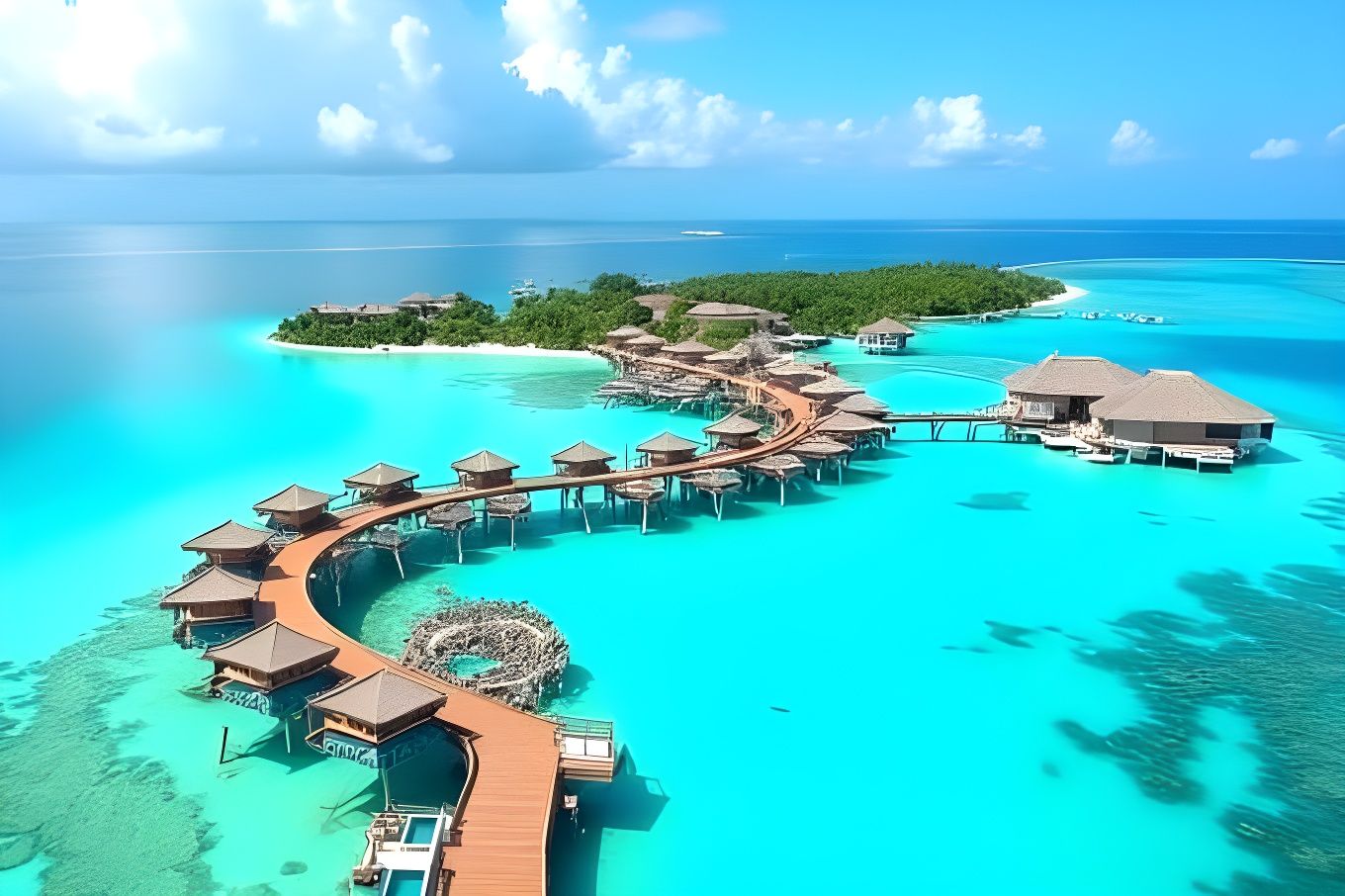 Boardwalk pathway to your bungalow at Soneva Jani in the Maldives  by @Gary Murakami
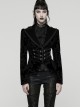 Black Velveteen Vintage Print Lace Edges Lapel Elegant Cinched-Waist Gothic Style Long Sleeves Coat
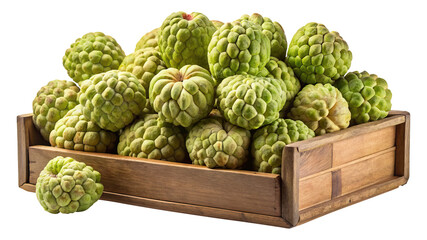 Obraz premium Sugar Apples in Wooden Crate Showcase Tropical Fruit Harvest and Freshness Transparent PNG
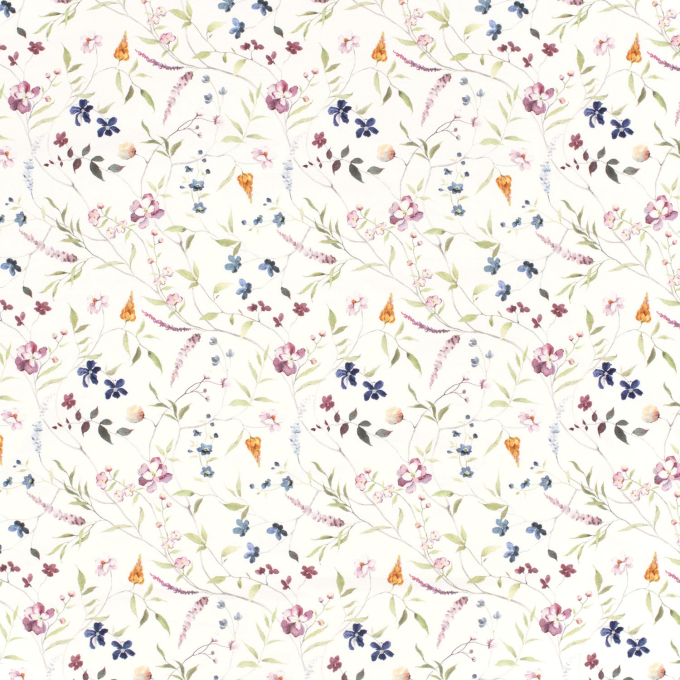 Tissu french terry Fleurs Wild Flowers, blanc cassé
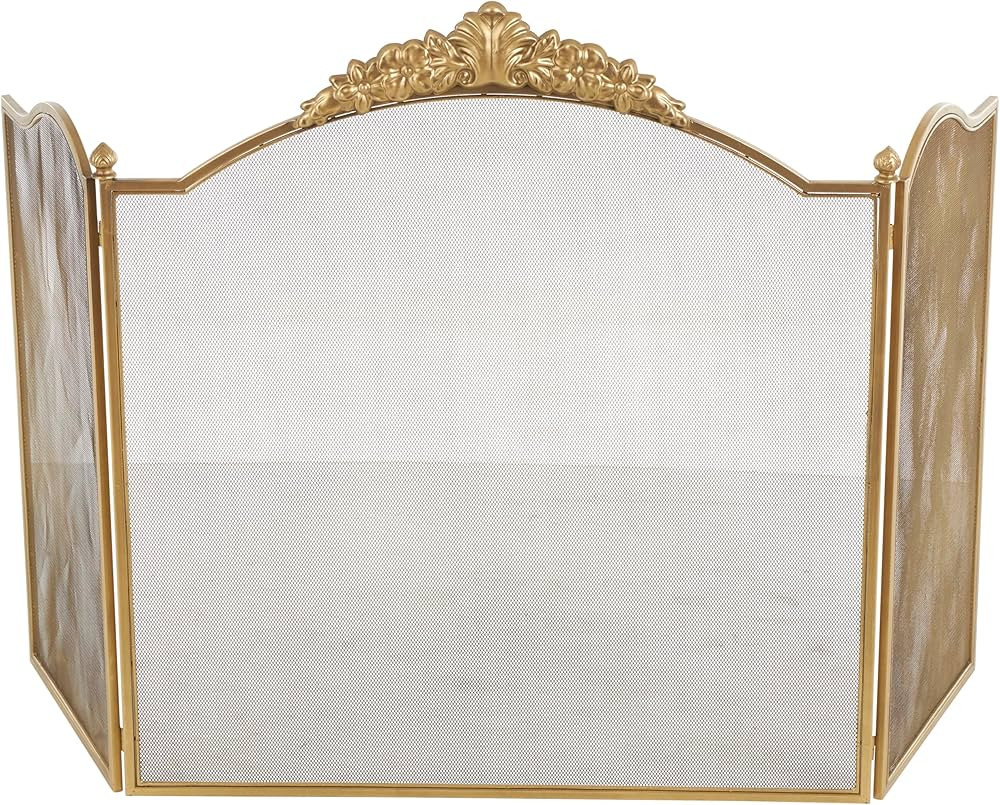 Deco 79 Metal Floral Living Room Fireplace Screen Ornate Antique Arched 3 Panel Fire Spark Guard ... | Amazon (US)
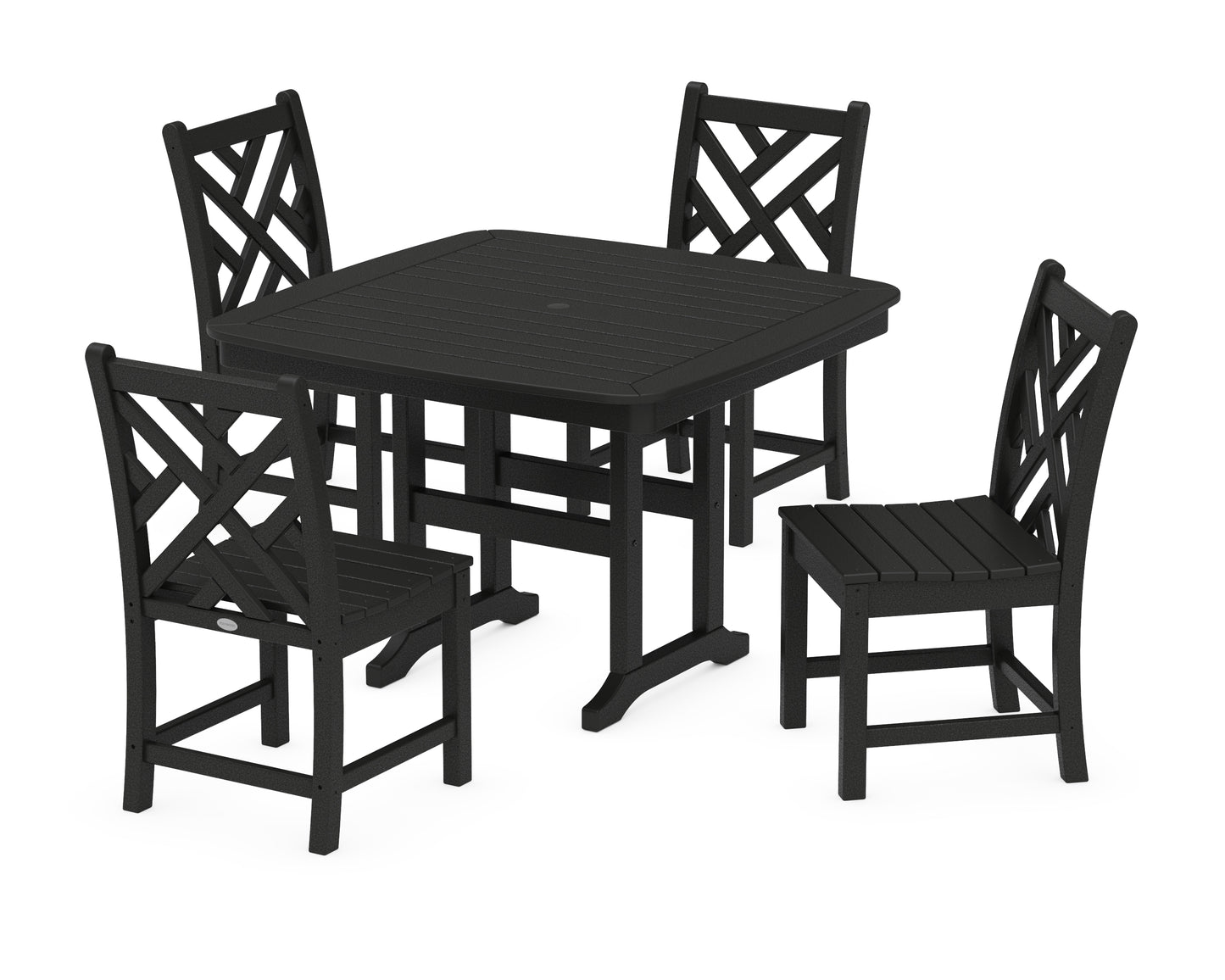 Chippendale Side Chair 5-Piece Dining Set with Trestle Legs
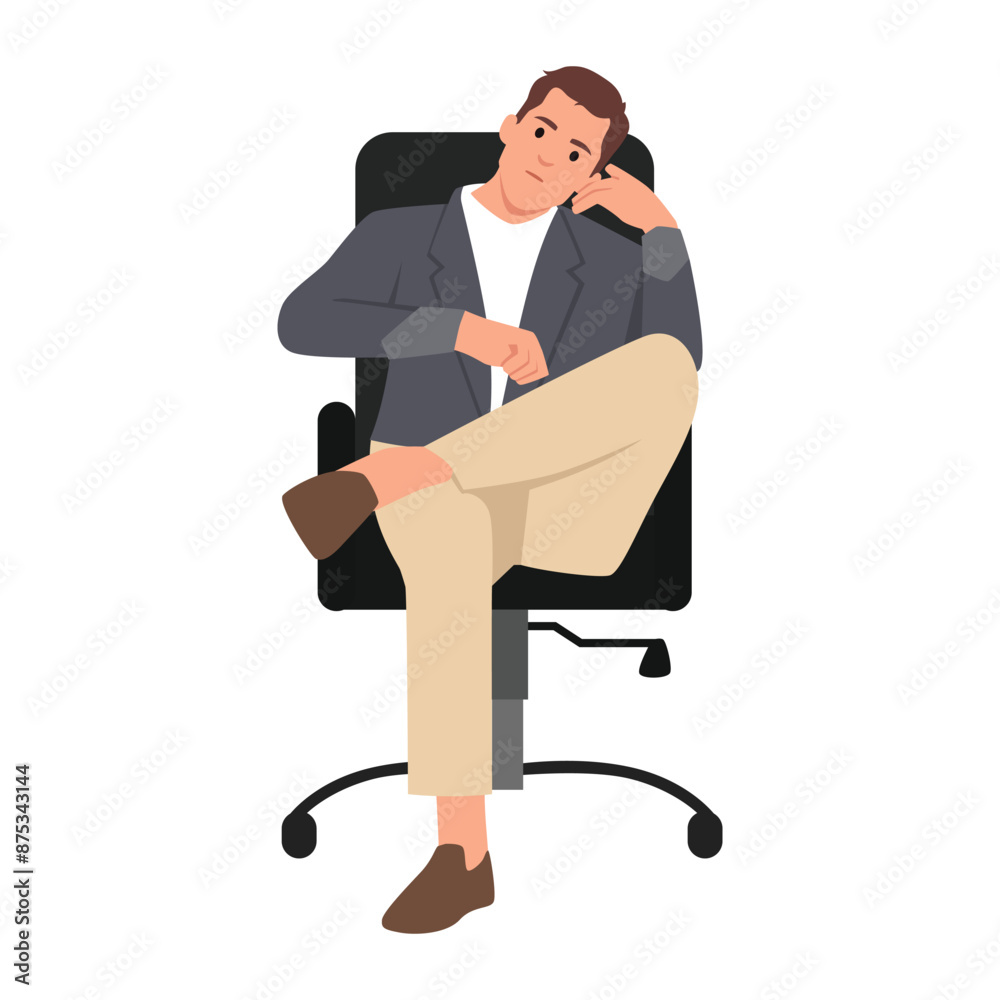 Anxious man feeling sadness and stress sitting on the chair. Flat vector illustration isolated on white background Anxious man feeling sadness and stress sitting on the chair. Flat vector illustration isolated on white background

What the task asks
Copy all the entries above exactly as they stand, except for the pictures.

Response
 Boardwalk pathway to your bungalow at Soneva Jani in the Maldives  by @Gary Murakami
 Black Velveteen Vintage Print Lace Edges Lapel Elegant Cinched-Waist Gothic Style Long Sleeves Coat
 Obraz premium Sugar Apples in Wooden Crate Showcase Tropical Fruit Harvest and Freshness Transparent PNG
 Tissu french terry Fleurs Wild Flowers, blanc cassé
 Deco 79 Metal Floral Living Room Fireplace Screen Ornate Antique Arched 3 Panel Fire Spark Guard ... | Amazon (US)
 Chippendale Side Chair 5-Piece Dining Set with Trestle Legs
 Anxious man feeling sadness and stress sitting on the chair. Flat vector illustration isolated on white background Anxious man feeling sadness and stress sitting on the chair. Flat vector illustration isolated on white background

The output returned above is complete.